Notre rapport a été publié en 2007 sur la base des chiffres de 2006. À mon sens, les choses n'ont guère avancé depuis. Les sociétés du CAC 40 se targuent d'avoir 10 % de femmes dans leurs conseils d'administration, cela relève en partie de l'affichage. Il ne s'agit que d'un nombre limité de sociétés et ce chiffre est une moyenne, c'est-à-dire, en définitive, un « mensonge » dont il existe, comme le soulignait Disraeli, trois formes : le mensonge, le fieffé mensonge… et la statistique ! Derrière un pourcentage, se cachent en effet des réalités différentes. Celui de 8 % de femmes dans la ressource managériale et dirigeante, par exemple, peut signifier que certaines sociétés en comptent 15 % et d'autres zéro. De même, si, dans les 80 premières entreprises françaises par le chiffre d'affaires, le pourcentage de femmes dans les comités de direction s'élève à 7 %, en réalité, 30 % de ces entreprises ne comptent aucune femme parmi les exécutifs, 30 % une seule et les 40 % restantes trois ou quatre. La donnée intéressante à retenir est que, dans 60 entreprises sur 82, ne figure parmi les dirigeants aucune femme ou, au mieux, une seule femme.

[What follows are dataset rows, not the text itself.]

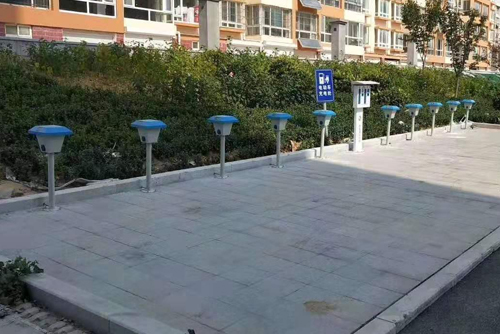 一机十路电动车充电站 案例3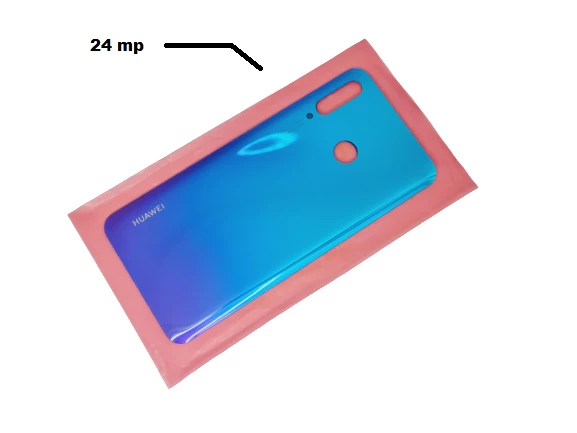 Tkgz Huawei Uyumlu P30 Lite Arka Pil Batarya Kapağı (24 MP) MAVİ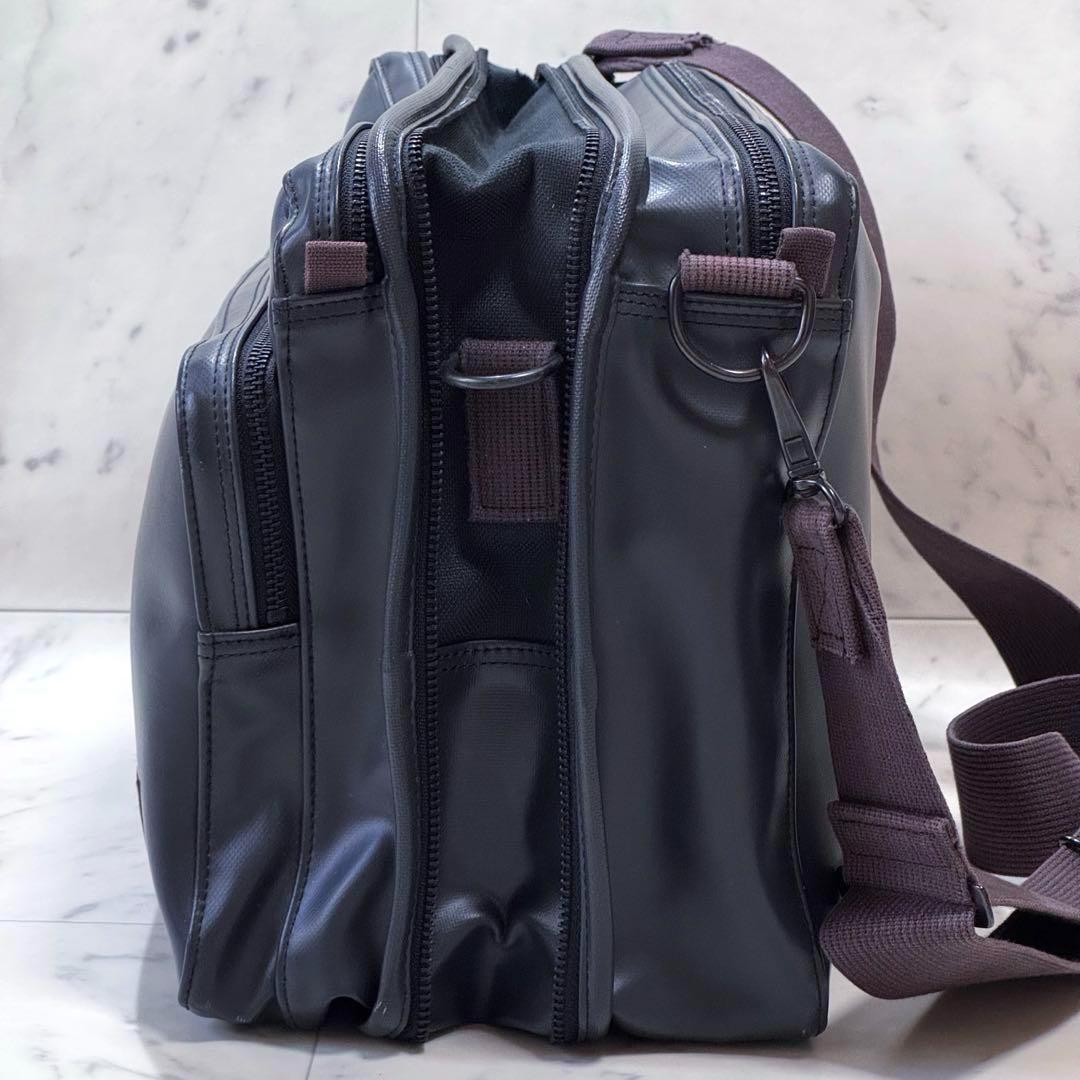 【良品】ラゲッジレーベル ライナー ショルダーバッグ ブラック 赤バッテン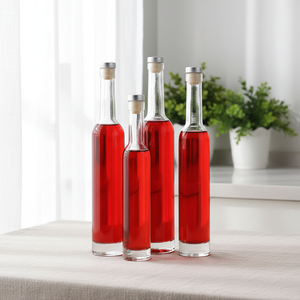 ขวดแก้วสำหรับสุรา วอดก้า บรั่นดี จิน รัม ไวน์ ขนาด 450 มล. 500 มล. 700 มล. 750 มล. พร้อมจุกไม้ก๊อก มีจำหน่ายตามสั่ง - Product Image 1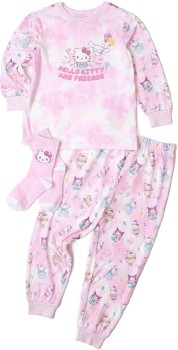 Hello-Kitty-and-Friends-PJ-Set-with-Socks on sale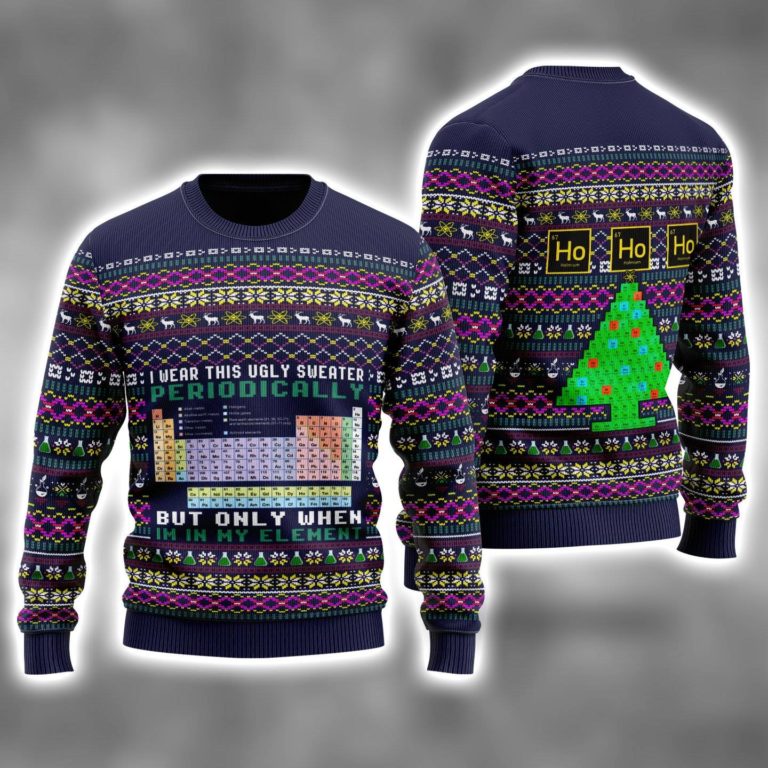 I Wear This Ugly Sweater Periodically 3D Printed Ugly Christmas Sweatshirt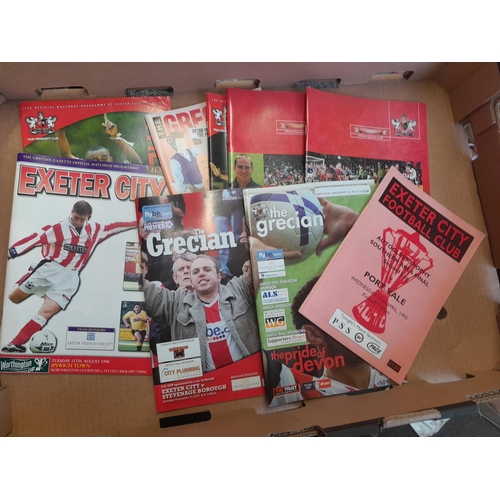 4 - Exeter City Football programmes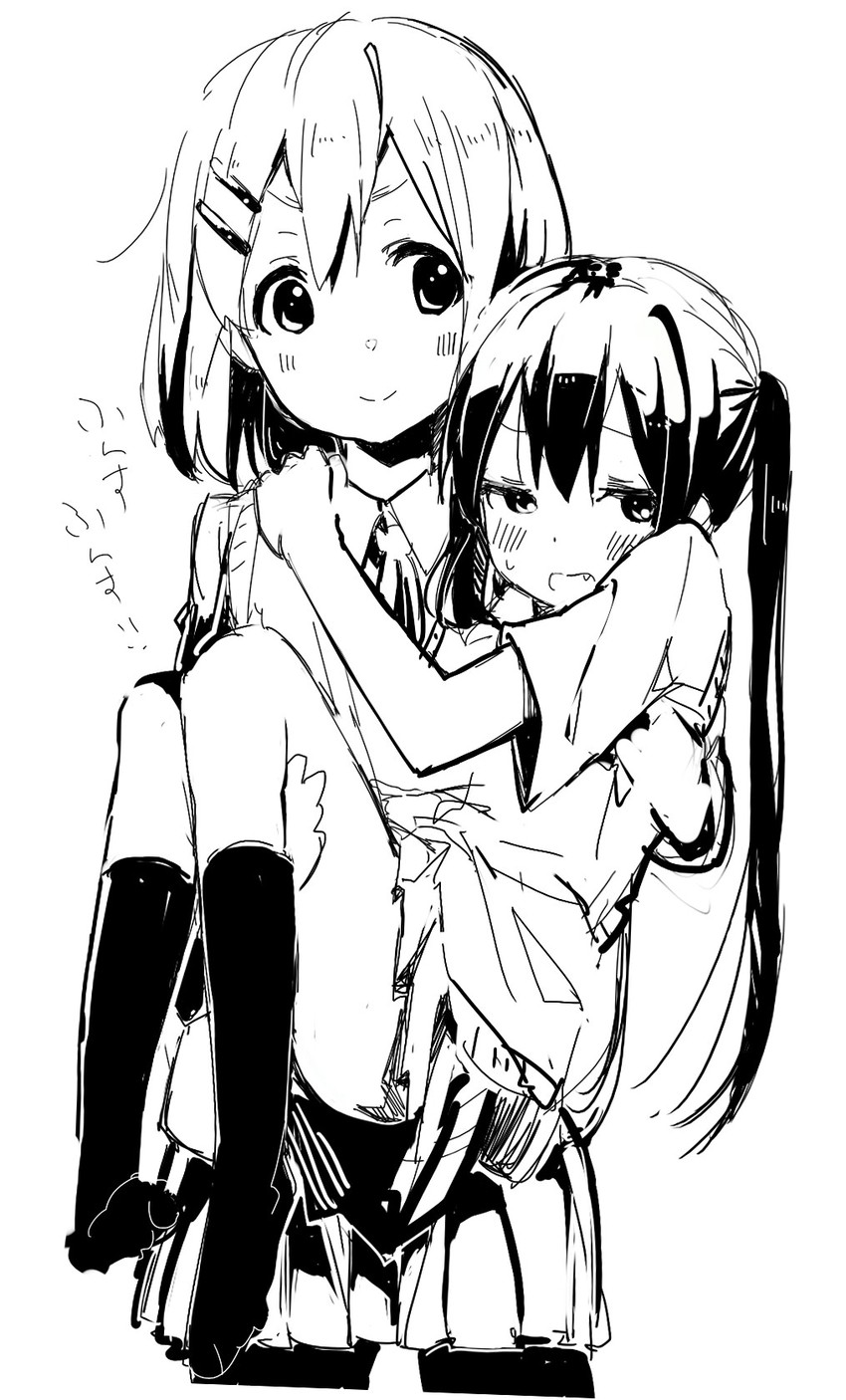 nakano azusa and hirasawa yui (k-on!) drawn by kirisawa_saki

L'évolution est très lente et l'on peut craindre qu'avec la crise, les choses aillent de mal en pis.

La fixation de quotas est envisageable dans la gouvernance, c'est-à-dire pour les conseils d'administration mais pas pour les comités exécutifs, au sein desquels la promotion demande compétence et préparation. On ne peut pas obliger, du jour au lendemain, les entreprises, par une approche sexiste, à compter 50 % de femmes dirigeantes. Je citais d'ailleurs, en conclusion de la présentation de mon rapport au Conseil économique et social, Françoise Giroud qui soulignait que la féminité n'est pas une incompétence mais n'est pas une compétence non plus. Le fait d'être une femme ne donne pas directement le droit de diriger.

Si la politique des quotas dans les exécutifs me paraît donc difficile à mener, avoir imposé, en revanche, un pourcentage de 20 % de femmes dans les conseils d'administration, notamment au sein des banques, aurait été une sage décision au vu de la crise actuelle car je suis persuadée que les femmes n'ont pas la même approche du risque.

Je suis l'une des rares femmes à avoir fait toute sa carrière dans la finance, ce qui ne me semblerait plus possible aujourd'hui. Certes, beaucoup plus de femmes travaillent dans ce secteur qu'à l'époque où j'y suis entrée, mais il n'y en a plus qui franchissent « le plafond de verre ».

Une politique de quotas – un taux de 20 % ou 25 % dans les conseils d'administration me paraît tout à fait atteignable – et des sanctions seraient, selon moi, tout à fait bienvenues.